What Your Husband Told the Homewrecker

If you are easily embarrassed, you should brace yourself at the thought of what your husband has told his whore, the homewrecker. He has told his whore every little inconsequential detail and mannerism of yours and he does it with a poor pitiful, “look what I had to put up” angle. Nothing that you shared with your husband that happened to you as a child, that you’ve said or done that you may have lived to regret, no interaction with one of your family members, no little habit or unconscious tic is too insignificant or too private for your husband to reveal to his whore. Not only has he told her unflattering things about you, he will continue to bring stuff up. Each time he will put a twist on it that makes you appear more unhinged than whatever he brought up before. It’s what cheaters do to seduce allies.  The whole time the whore is convinced he will never betray her in the same way.  It’s as if she has some magic or way of dealing with him that you were not equipped with.  That is how she convinces herself that she is special, superior.

If you want to limit the ammunition that he can cry to his whore about, you must maintain as little contact as possible. He will relay each text, email, phone conversation, or interaction in court to the whore as some significant drama that further demonstrates your instability and his heroic-victimization.

He is a horrible person. Good husbands do not cheat. Good husbands communicate to their wives about their marriage.  Good husband do not triangulate.

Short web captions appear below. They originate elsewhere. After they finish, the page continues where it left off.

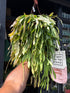 
A Rhipsalis Ramaloris ‘Red Coral’ plant in front of Urban Tropicana’s plant shop in Chiswick, London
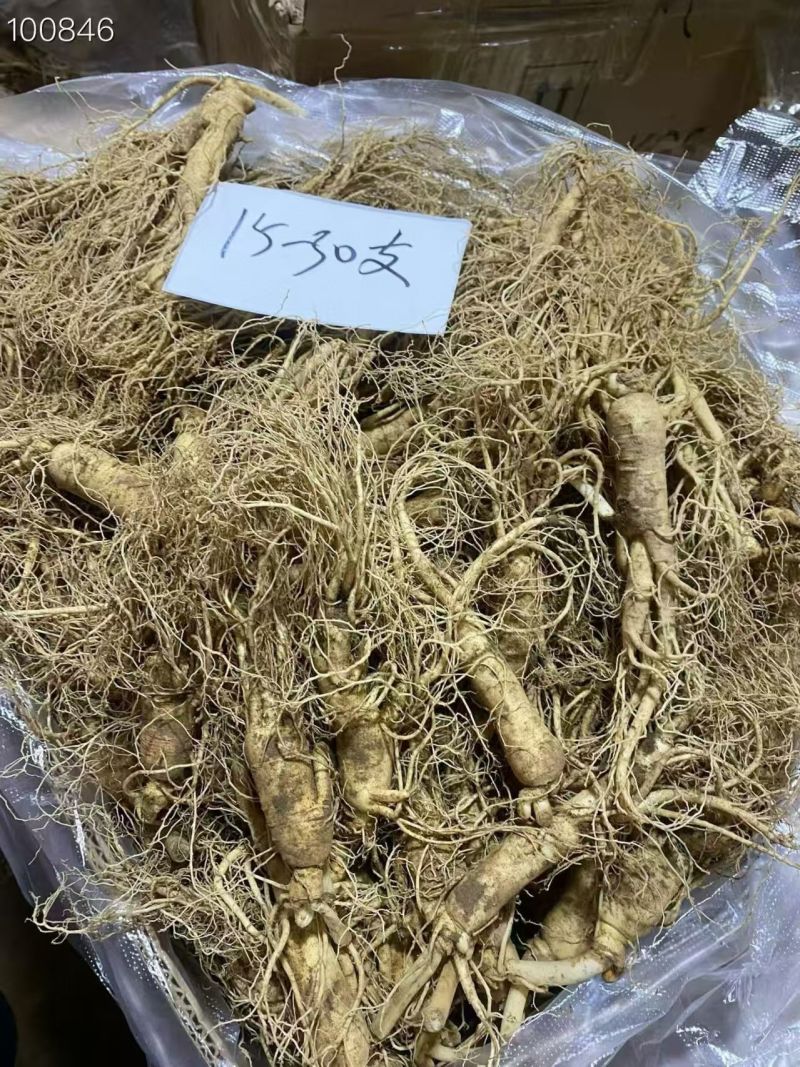 新鲜人参产地直销质量保证产地供应诚信经营欢迎咨询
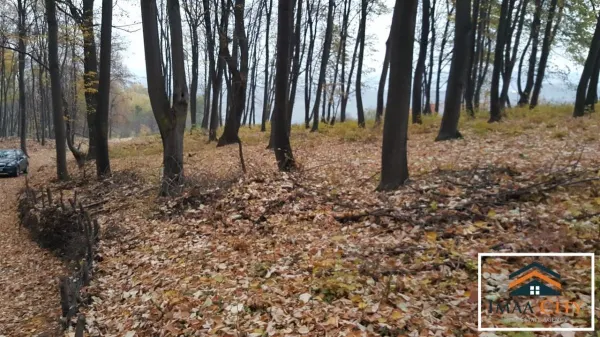 Teren Iași - poza 1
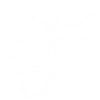 Dragon Blanc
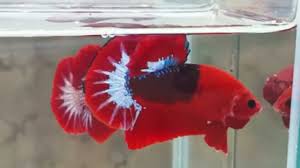 This place takes over a good six miles of land underground. Hellboy Betta Episode 13 Youtube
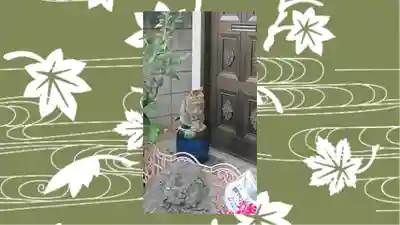 居木神社(東京都)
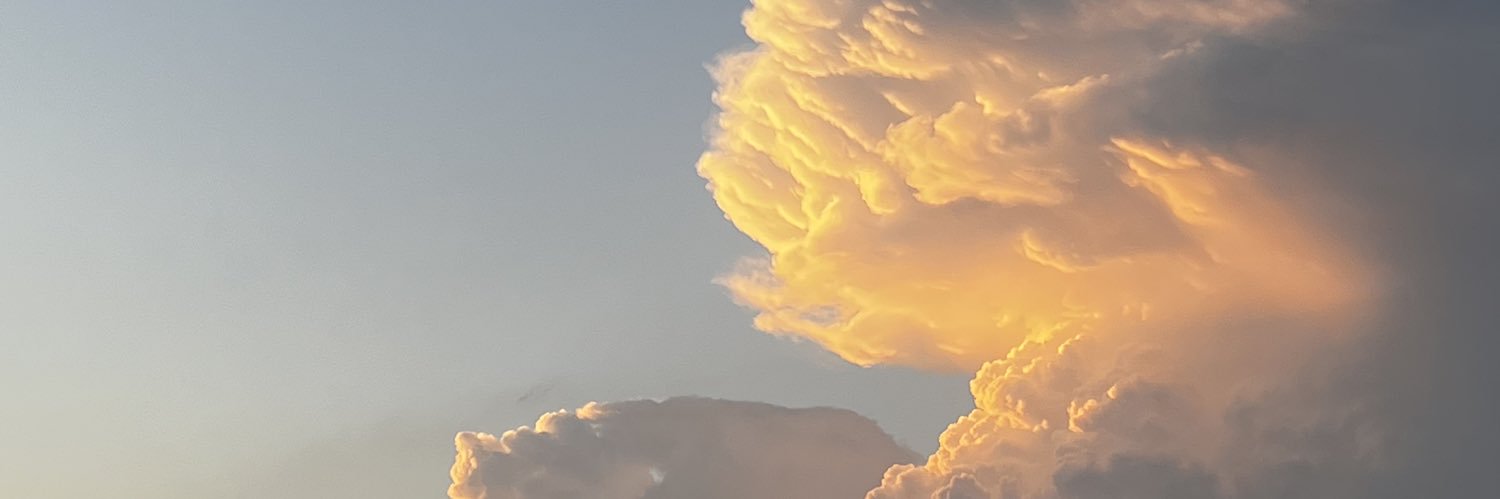 ecereghetti1's profile banner image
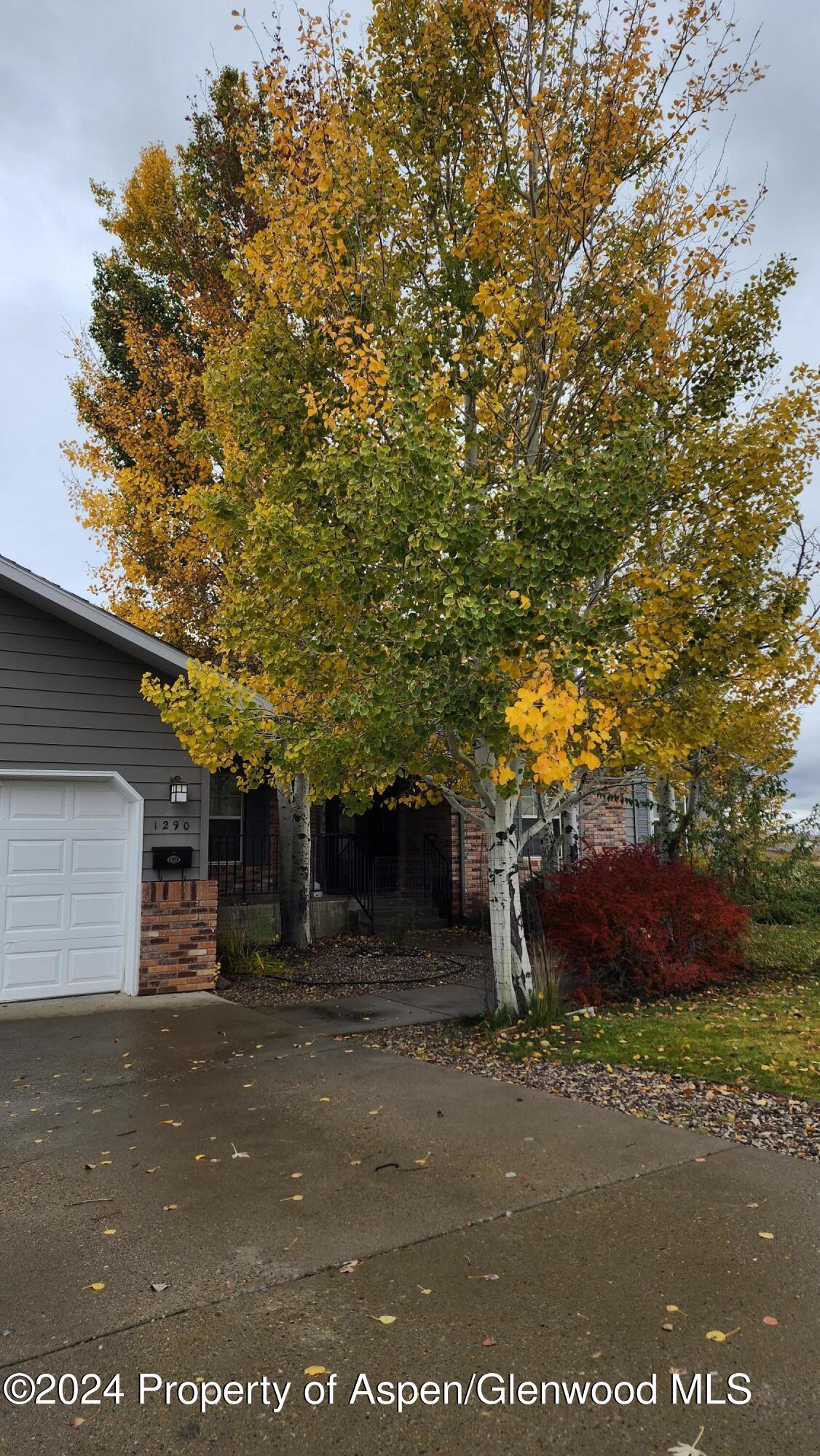 1290 Alta Vista Drive Property Photo 75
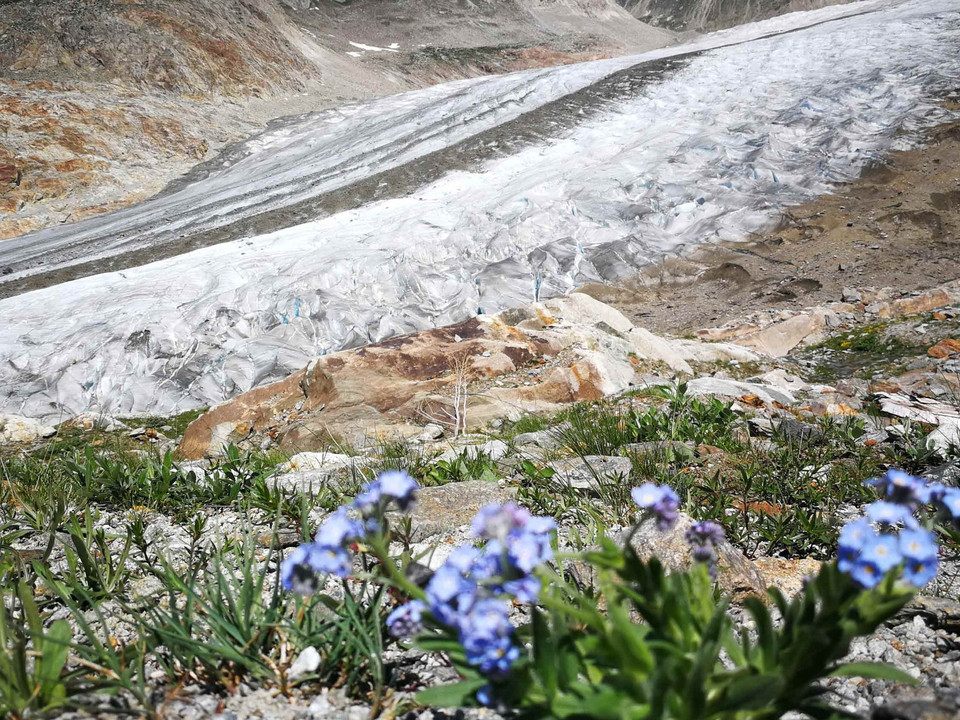 Wanderung von der Riederalp via Aletschwald zu den Chatzulechern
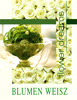 Logo Blumen Weisz Karl Weisz Ges.m.b.H.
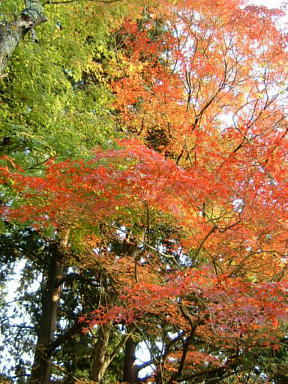 山科毘沙門堂の紅葉　2008-3.JPG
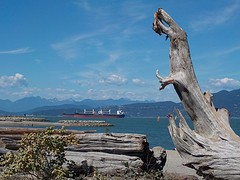 Jericho beach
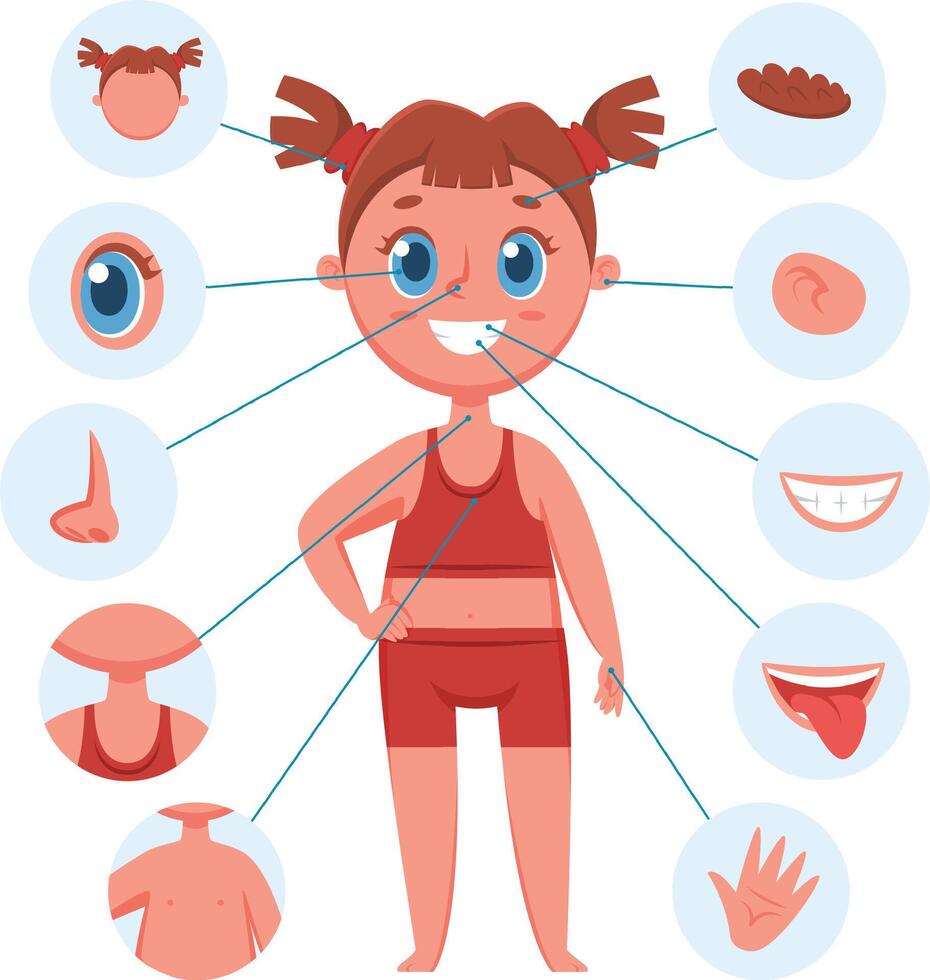 Educational infographic illustration with smiling cartoon girl character pointing different body parts for children learning, preschool, anatomy and biology studying vector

My husband’s whore proudly stood up in court and said that my husband gives her everything about us (me and the children).  If he has to go to court, as soon as he is done, he sends her all the documentation.  If we (the court) didn’t believe it, she could show us on her phone (right there in court).  When my attorney asked her if she had our medical records and everything else, she said, “Yes!”

She offered it up as if she had glitter amongst the chicken-feed.

The Minister:
Witchcraft’s information is genuine! It’s been gold!

George Smiley:
It’s just enough glitter amongst the chicken-feed. Control didn’t believe in miracles, and he didn’t believe in Witchcraft. But you were lazy, and you were greedy, and so you forced him out of the Circus and you let Karla in.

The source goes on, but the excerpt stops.